求められる「訪問医療」というスタイル
あい在宅クリニック。一番左が院長の塚本哲也さん
計画的に患者のところへ医師が赴き、診察、治療、点滴や薬の処方、療養上の相談、指導等を行い、時に入院医療機関との連絡・調整などを行うこともある。そして患者の療養生活を支える看護師、ケアマネジャー、薬剤師等と連携し、住みなれた場所での、その人らしい生活の継続を目指す医療になる。

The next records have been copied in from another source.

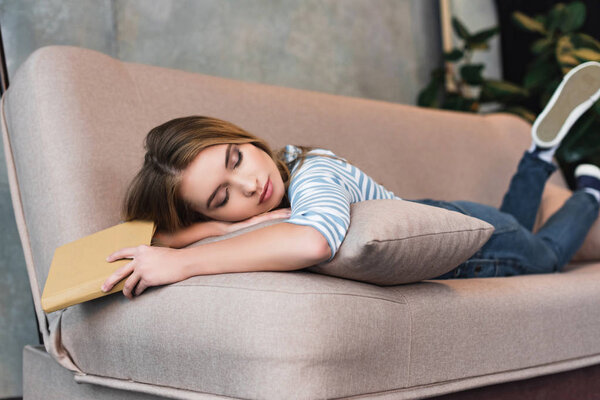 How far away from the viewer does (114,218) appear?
1.28 metres

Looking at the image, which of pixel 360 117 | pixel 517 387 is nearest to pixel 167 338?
pixel 517 387

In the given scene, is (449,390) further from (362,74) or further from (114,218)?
(362,74)

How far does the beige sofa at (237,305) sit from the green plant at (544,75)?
93cm

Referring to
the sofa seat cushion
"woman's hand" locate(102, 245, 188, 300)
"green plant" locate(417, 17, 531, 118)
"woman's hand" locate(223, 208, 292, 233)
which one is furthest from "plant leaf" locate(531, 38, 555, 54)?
"woman's hand" locate(102, 245, 188, 300)

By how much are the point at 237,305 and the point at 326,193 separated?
28cm

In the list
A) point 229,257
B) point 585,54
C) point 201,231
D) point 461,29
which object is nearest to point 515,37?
point 461,29

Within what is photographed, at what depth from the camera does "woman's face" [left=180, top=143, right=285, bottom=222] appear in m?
1.17

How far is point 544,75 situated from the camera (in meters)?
2.90

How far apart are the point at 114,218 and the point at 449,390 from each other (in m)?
0.79

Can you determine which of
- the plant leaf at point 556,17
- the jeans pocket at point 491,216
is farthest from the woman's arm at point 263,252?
the plant leaf at point 556,17

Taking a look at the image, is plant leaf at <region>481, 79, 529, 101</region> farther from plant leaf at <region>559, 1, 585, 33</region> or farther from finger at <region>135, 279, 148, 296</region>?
finger at <region>135, 279, 148, 296</region>

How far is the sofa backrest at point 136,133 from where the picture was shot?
4.15 feet

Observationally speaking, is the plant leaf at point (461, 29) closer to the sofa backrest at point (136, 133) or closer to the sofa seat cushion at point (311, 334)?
the sofa backrest at point (136, 133)

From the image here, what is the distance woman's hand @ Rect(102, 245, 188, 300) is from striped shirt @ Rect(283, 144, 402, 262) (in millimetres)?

船橋総合病院は、「訪問診療」があまり社会に浸透していなかった30数年前から、患者の「家に診察に来てほしい」という思いに応える形で開始。
「訪問診療」は、在宅医療支援拠点、ソーシャルワーカー、ケアマネジャー、地域の開業医、患者(家族)による相談から開始し、訪問歯科、訪問看護、訪問薬剤、訪問介護、介護施設、医療機関、地域包括支援センター、保健所などの機関との連携が欠かせない。

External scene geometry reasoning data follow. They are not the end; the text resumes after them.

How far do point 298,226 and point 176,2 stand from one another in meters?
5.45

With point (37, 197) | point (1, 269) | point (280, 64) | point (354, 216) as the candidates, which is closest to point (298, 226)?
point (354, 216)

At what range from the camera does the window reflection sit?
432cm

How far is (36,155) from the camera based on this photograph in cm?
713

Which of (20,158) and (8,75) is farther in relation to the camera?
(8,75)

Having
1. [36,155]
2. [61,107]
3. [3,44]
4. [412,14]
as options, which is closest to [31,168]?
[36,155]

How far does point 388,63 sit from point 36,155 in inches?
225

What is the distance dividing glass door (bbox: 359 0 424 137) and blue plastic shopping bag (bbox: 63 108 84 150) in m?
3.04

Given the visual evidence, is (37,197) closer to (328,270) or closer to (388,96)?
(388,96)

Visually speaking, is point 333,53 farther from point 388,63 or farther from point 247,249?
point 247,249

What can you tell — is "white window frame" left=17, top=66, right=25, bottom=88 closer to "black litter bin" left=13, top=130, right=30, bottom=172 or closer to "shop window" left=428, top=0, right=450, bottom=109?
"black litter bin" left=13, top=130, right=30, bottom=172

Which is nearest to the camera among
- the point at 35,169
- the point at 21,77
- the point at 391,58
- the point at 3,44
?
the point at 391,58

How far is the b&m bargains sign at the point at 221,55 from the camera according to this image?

現在船橋市には、「船橋市在宅医療ひまわりネットワーク(2013年)」、船橋市医師会による「船橋市在宅医療支援拠点ふなぽーと(2015年)」があり、在宅医療を支え、啓蒙する活動は充実している。
船橋総合病院附属の「あい在宅クリニック」(船橋市北本町2-66-20、☎080-7169-4670)が6月1日に、「悠翔会在宅クリニック船橋」(本町4-40-8、☎047-407-0930)が7月1日に開院した。どちらも「訪問診療」が専門。
2025年人口約64万人の約24%が高齢者となる船橋では、通院困難で「訪問診療」を求める声が年々増加。医療の発達により長寿が叶い、自宅生活を支える介護体制も充実。コロナ禍による「ステイホーム」の推進もあり、できるだけ在宅医療を活用して自宅で頑張りたいという要望も増えている。
船橋総合病院の医療ソーシャルワーカーで、同クリニックの院長室室長の橋本さん(10・11ページ参照)は「自宅のリラックスした中での会話だからこそ、人生の最終段階のことなど話したいことを話せたと言われたこともあります」と話す。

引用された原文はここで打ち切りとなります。